Is the Soviet Union faring better than the United States in winning the hearts and minds of the third world? Many recent votes in the United Nations suggest strongly that the answer is yes. But an all-star cast of speakers (from former ambassadors to KGB defectors) at a day-long conference on US-Soviet relations at the University of Chicago concluded that Soviet gains so far in many regions are mixed. They suggested that the US might fare better in the future through some careful shifts in strategy.
Certainly there has been no lack of effort on the part of the Soviets in courting less-developed nations. Pointing to the tremendous buildup of the Soviet Union's military capabilities since World War II, Deputy Secretary of State Kenneth W. Dam, keynote speaker of the conference sponsored by International House, noted that the Soviet Union has deployed more than 20,000 Soviet and East Bloc military personnel in more than 30 third-world countries. These include Soviet crews and advisers for missile operations in Syria.
Yet several speakers, from Mr. Dam to former national security adviser Zbigniew Brzezinski, insisted that the one-dimensional nature of the Soviets' prime tool - military force and assistance - is also a ''weakness'' which has limited Soviet gains.
''The Soviet Union is behind us in every other dimension - it is not a global rival across-the-board,'' argued Mr. Brzezinski.
''I don't think we're at a disadvantage in competing with the Soviet Union,'' agreed Stephen Bosworth, chairman of the US State Department's Policy Planning Council. But he argued that the US must use, with ''greater effectiveness,'' its full range of diplomatic and economic tools in working with third-world countries. Rather than ''throwing'' more economic assistance at them, however, he suggested that the US work hard to keep its markets open for products which third-world nations make and must sell to repay Western loans.
In Central America, a region he described as long neglected by the US and one with a limited history of democratic political institutions, Mr. Bosworth said the US response should be particularly broad. It should include help for specific groups, such as the middle classes which emerged in the 1960s and '70s in several countries, to develop viable political institutions. And the US must be on record, he says, as supporting social policies which encourage fairer distribution of income.

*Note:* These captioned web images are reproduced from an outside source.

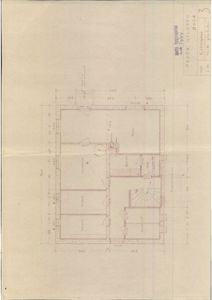 Etasjeplan (etg) for en bolig med romfordeling, dører og trapp.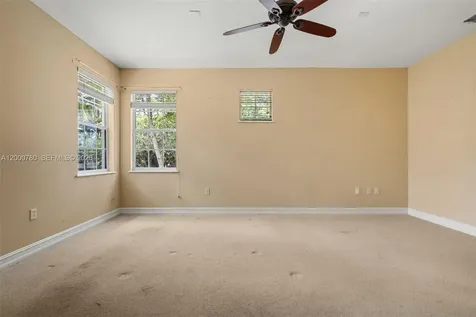 2016 Tarpon Bay Drive N Naples FL 34119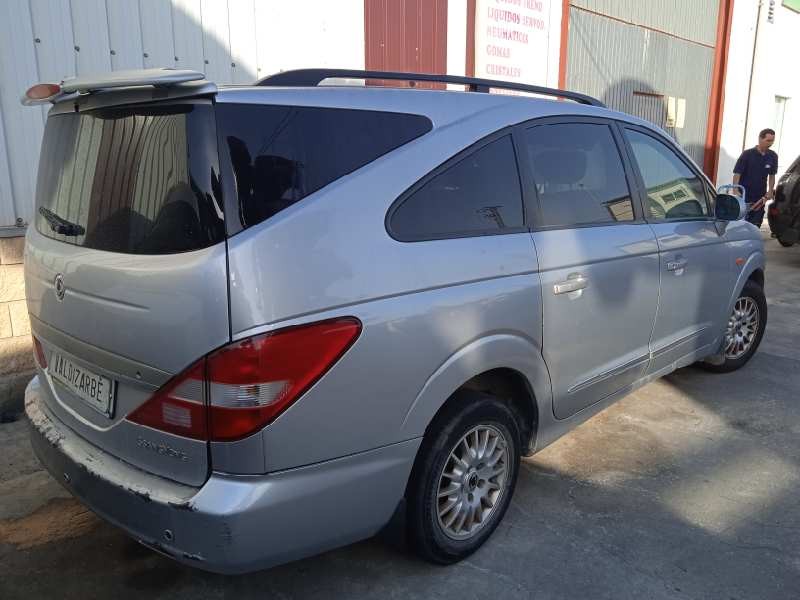 ssangyong rodius del año 2006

Bosworth argued that, in general, third-world countries which have relied more on free market forces than a centralized Soviet economic model have fared better both in economic growth and fairer distribution of income.
The Soviet Union has increased its military strength in East Asia during the last 15 years but has been losing political influence there since the Vietnam war, said former ambassador to Japan Robert S. Ingersoll. ''Their economic influence has been small because of limited trade in the region and the lure of their brand of Marxist ideology has been declining,'' he explained. Of particular concern to the Soviets, according to the former ambassador, are China's apparently firmer ties to Western industrialized nations. Peking's new economic plan, for instance, relies heavily on Western technology, trade, and credit, he said.
Still, Mr. Ingersoll did not rule out the possibility of a Soviet ''comeback'' in East Asia in the 1980s. Noting how swiftly the Japanese dropped their animosity toward the US after their defeat in World War II, Ingersoll hinted that continued US ''bullying'' of Japan on trade issues and a shift in Soviet tactics could combine one day to push Japan and the Soviet Union closer together.
By far the most dangerous third-world trouble spot embroiled in US-Soviet competition, speakers agreed, is the Mideast. Brzezinski was sharply critical of the US for shifting its role in the region from ''mediator to protagonist.''
Vladimir Sakharov, a former Soviet KGB officer who served in Saudi Arabia, Kuwait, and Egypt before defecting to the US, insisted that the US must broaden its tactics in the Middle East. He pointed to Soviet offers of free scholarships to foreign students (some 120,000 Arabs over the years have picked up on them); the intensive study of language, politics, and culture required of Soviet officers assigned there; and Soviet willingness to deal with people below leadership levels. Sakharov suggested the US should pick up cues for its own training programs.
''America has much more to offer in the Middle East conflict, but it doesn't fight for the hearts of the people,'' he said.